Inside the method, Apache Spark figures out what buckets should be involved in the query execution by calling one of 2 methods: getBucketSetFromIterable or getBucketSetFromValue. They're used according to the defined filtering method that can be an equality or a "is in" constraint. The bucket id number built in BucketingUtils.getBucketIdFromValue(bucketColumn: Attribute, numBuckets: Int, value: Any) method and returned as a result for previous methods.

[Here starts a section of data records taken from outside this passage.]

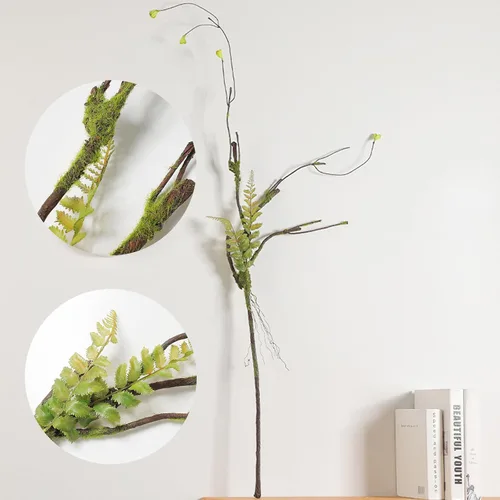 Vista 7 de 2 ramas de cerezo artificiales de 39 pulgadas, ramas, ramas de madera, ramitas de madera, tronco de vid flexibles, plantas de seda con musgo
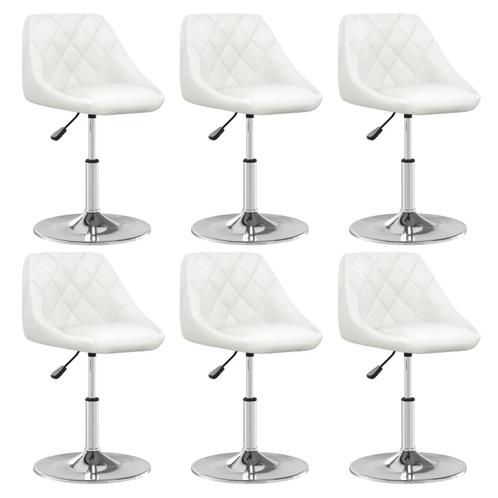 vidaXL Eetkamerstoelen 6 st kunstleer wit, Huis en Inrichting, Stoelen, Wit, Nieuw, Verzenden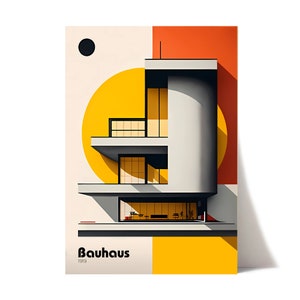 Poster di architettura Bauhaus / Arte murale di architettura moderna / Stampa di architettura / Architettura modernista / Arredamento ufficio architetto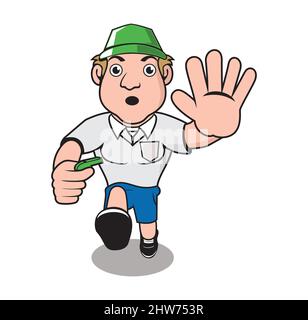 Schiedsrichter Cartoon Charakter Design Illustration Vektor eps Format , geeignet für Ihre Design-Bedürfnisse, Logo, Illustration, Animation, etc. Stock Vektor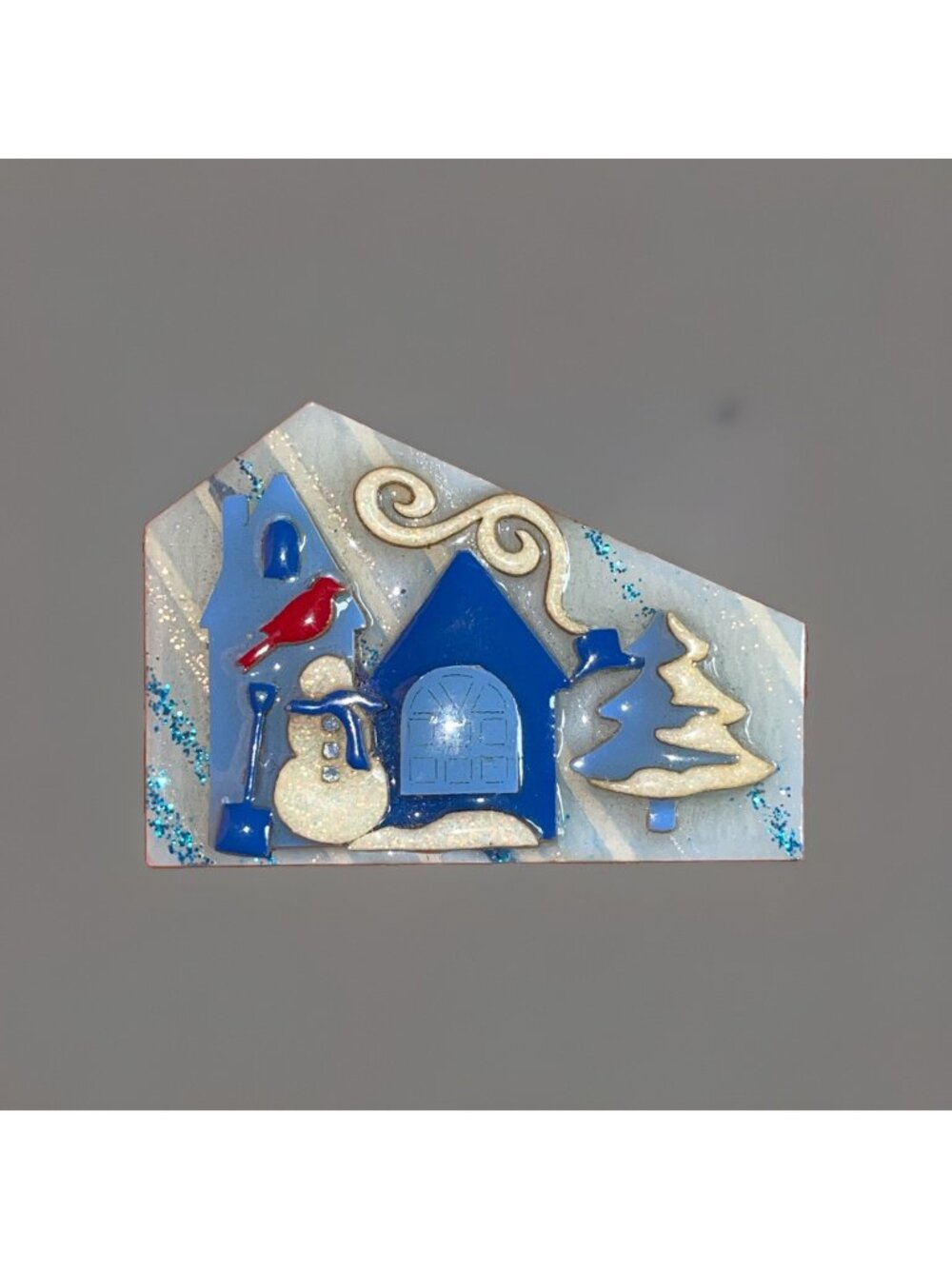Vintage Lucinda House Pin Brooch Christmas Snowman Winter Blue HTF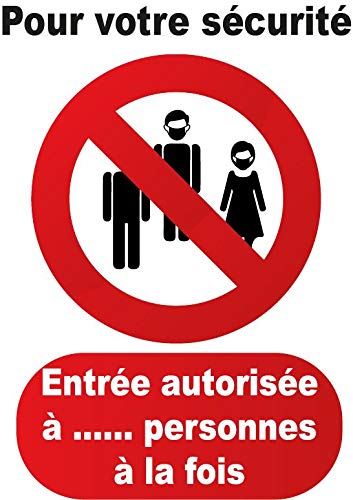 Panneaux signalétique entrée autorisée à … personnes à la fois plastifié en mat - format 14x20cm couleur rouge et blanc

The filtered buckets are next passed as a BitSet to FileSourceScanExec which uses them to filter out the bucket files not storing the queried data:

val prunedFilesGroupedToBuckets = if (optionalBucketSet.isDefined) {
      val bucketSet = optionalBucketSet.get
      filesGroupedToBuckets.filter {
        f => bucketSet.get(f._1)
    } else {
    val filePartitions = Seq.tabulate(bucketSpec.numBuckets) { bucketId =>
      FilePartition(bucketId, prunedFilesGroupedToBuckets.getOrElse(bucketId, Nil))

Bucket pruning example

To see the optimization in action we'll use the same example as in the first section of this post, namely the table of orders:

  "Spark 2.4.0" should "not read buckets filtered out" in {
    val tableName = s"orders${System.currentTimeMillis()}"
    val orders = Seq((1L, "user1"), (2L, "user2"), (3L, "user3"), (4L, "user1"), (5L, "user4"), (6L, "user5"))
      .toDF("order_id", "user_id")

    orders.write.mode(SaveMode.Overwrite).bucketBy(3, "user_id").saveAsTable(tableName)

    val filteredBuckets = TestedSparkSession.sql(s"SELECT * FROM ${tableName} WHERE user_id = 'user1'")

    filteredBuckets.queryExecution.executedPlan.toString() should include("SelectedBucketsCount: 1 out of 3")

As you can notice, the assertion checks whether the physical plan contains the "SelectedBucketsCount" text. It was added in the release 2.4.0 to indicate the bucket pruning feature.

Bucket pruning is only one of the new features in Apache Spark 2.4.0. It helps to process only the buckets with the filtered entries, and hence to reduce the number of processed partitions. The implementation consists on passing a BitSet holding all processable bucket ids to the operator responsible for scanning a collection of files.